Using Pulsar SQL with Luna Streaming
Pulsar SQL allows enterprises to query Apache Pulsar topic data with SQL. This is a powerful feature for an Enterprise, and SQL is a language they’re likely familiar with. Stream processing, real-time analytics, and highly customized dashboards are just a few of the possibilities. Pulsar offers a pre-made plugin for Trino that is included in its distribution. Additionally, Pulsar has built-in options to create Trino workers and automatically configure the communications between Pulsar’s ledger and Trino.

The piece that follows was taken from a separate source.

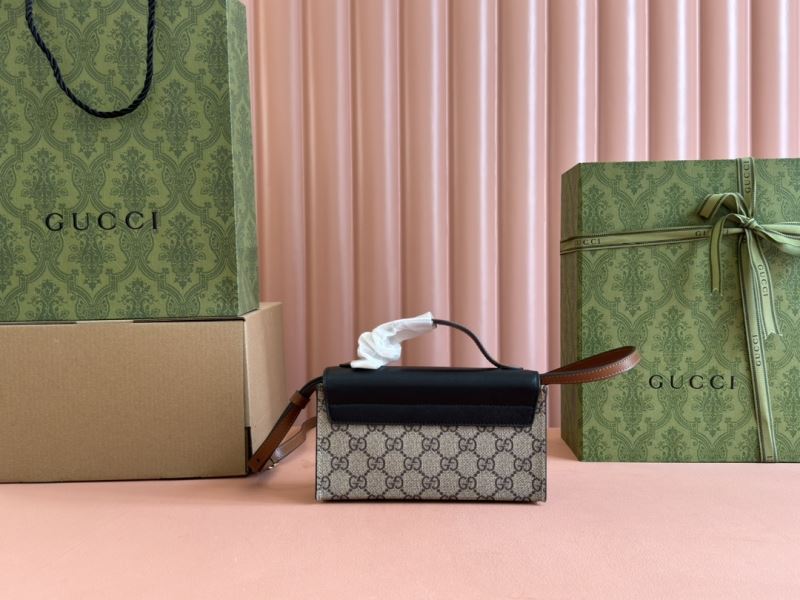 Gucci Satchel Bags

In this guide, we will use the DataStax Pulsar Helm Chart to install a Pulsar cluster with Pulsar SQL. The Trino coordinator and desired number of workers will be created directly in the cluster.
Prerequisites
-
Pulsar CLI
-
Trino CLI (this example version 443)
-
Helm 3 CLI (this example uses version 3.8.0)
-
Kubectl CLI (this example uses version 1.23.4)
-
Enough access to a K8s cluster to create a namespace, deployments, and pods
PrestoDB has been replaced by Trino, and Apache Pulsar is using Trino’s version. The Trino CLI uses the "X-TRINO-USER" header for authentications. |
Install Luna Streaming Helm chart
-
Add the DataStax Helm chart repo to your Helm store:
helm repo add datastax-pulsar https://datastax.github.io/pulsar-helm-chart
-
Install the Helm chart using a minimalist values file. This command creates a Helm release named "my-pulsar-cluster" using the DataStax Luna Helm chart, within the K8s namespace "datastax-pulsar". The minimal cluster creates only the essential components and has no ingress or load balanced services.

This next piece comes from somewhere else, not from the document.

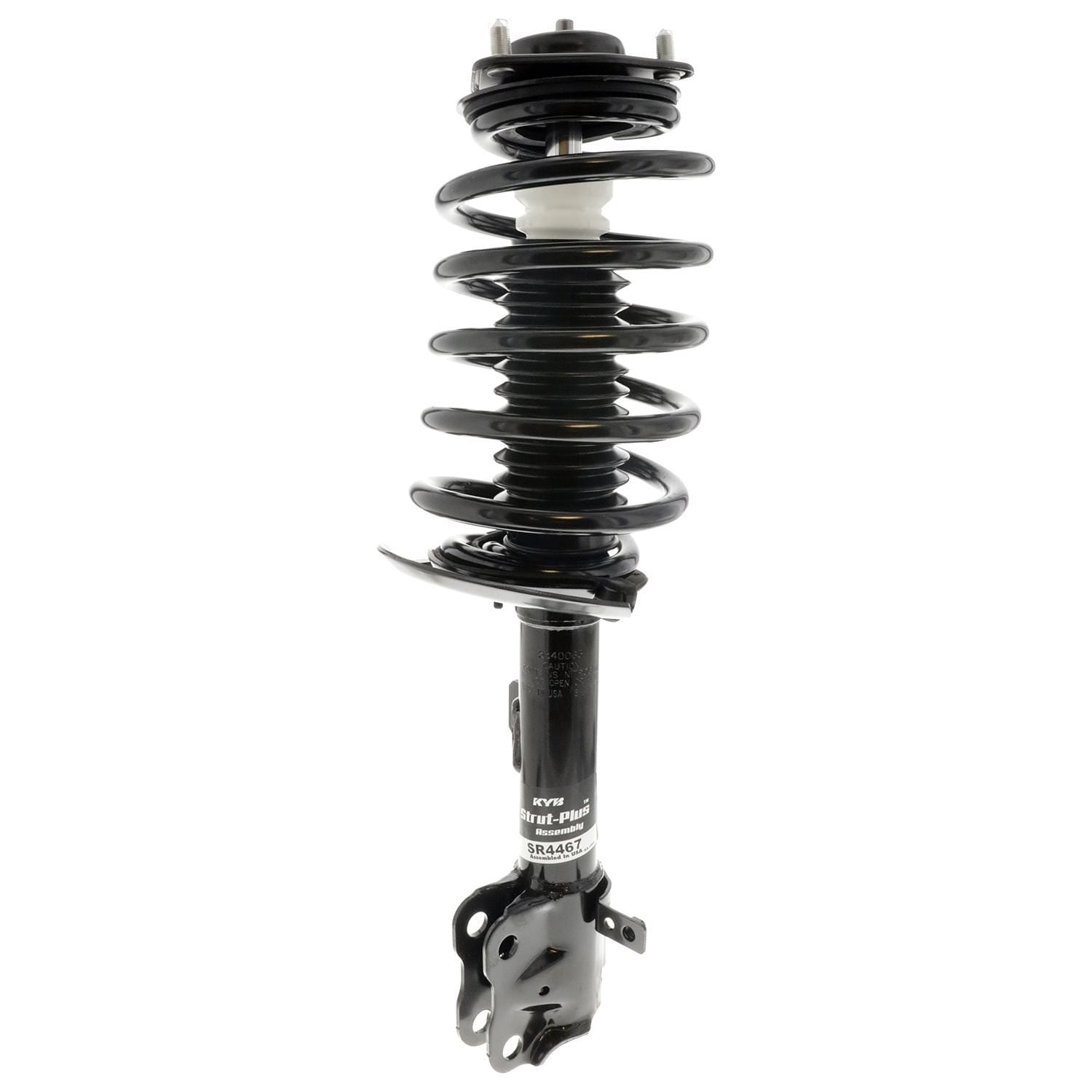 KYB Plus Strut Assembly ASR4467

VALUES_URL="https://raw.githubusercontent.com/datastaxdevs/luna-streaming-examples/main/pulsar-sql/values.yaml" helm install \ --namespace datastax-pulsar \ --create-namespace \ --values $VALUES_URL \ --version 3.0.4 \ my-pulsar-cluster \ datastax-pulsar/pulsar
-
Wait for the broker pod to be in a running state. You might see a few restarts as your components start up.
kubectl -n datastax-pulsar wait --for=condition=Ready pod/pulsar-broker-0 --timeout=120s
Forward service port
You’ll need to interact with services in the K8s cluster. Map a few ports to those services. There’s no need to forward Pulsar’s messaging service ports.
In a new terminal window, port forward the Trino SQL service:
kubectl port-forward -n datastax-pulsar service/pulsar-sql 8090:8090
In a new terminal, port forward Pulsar’s admin service:
kubectl port-forward -n datastax-pulsar service/pulsar-broker 8080:8080
Confirm Trino is available
-
In a browser, navigate to http://localhost:8081. You will be greeted by Trino’s login.
-
There is no authentication enabled, so input whatever user name you prefer and select Log In. You will be greeted by a blank dashboard. This confirms Trino is up and running.
Fill a topic with the data-generator source
In this example, we will use the "data-generator" source connector to create a topic and add sample data simultaneously. The minimalist Helm chart values use the datastax/lunastreaming-all image, which includes all supported Pulsar connectors. This example uses the "public" tenant and "default" namespace. These are created by default in Pulsar, but you can use whatever tenant and namespace you are comfortable with.
-
Download the minimalist Pulsar client. This "client.conf" assumes the port forwarding addresses we will perform in the next step.
wget https://raw.githubusercontent.com/datastaxdevs/luna-streaming-examples/main/client.conf
-
Set the client environment variable. Replace the value with the absolute path to the "client.conf" you just downloaded.
# the client conf path must be an absolute path to the downloaded conf file export PULSAR_CLIENT_CONF=<REPLACE_WITH /path/to/client.conf>
-
Navigate to the Pulsar home folder and run the following command. The CLI will use the environment variable’s value as configuration for interacting with the Pulsar cluster.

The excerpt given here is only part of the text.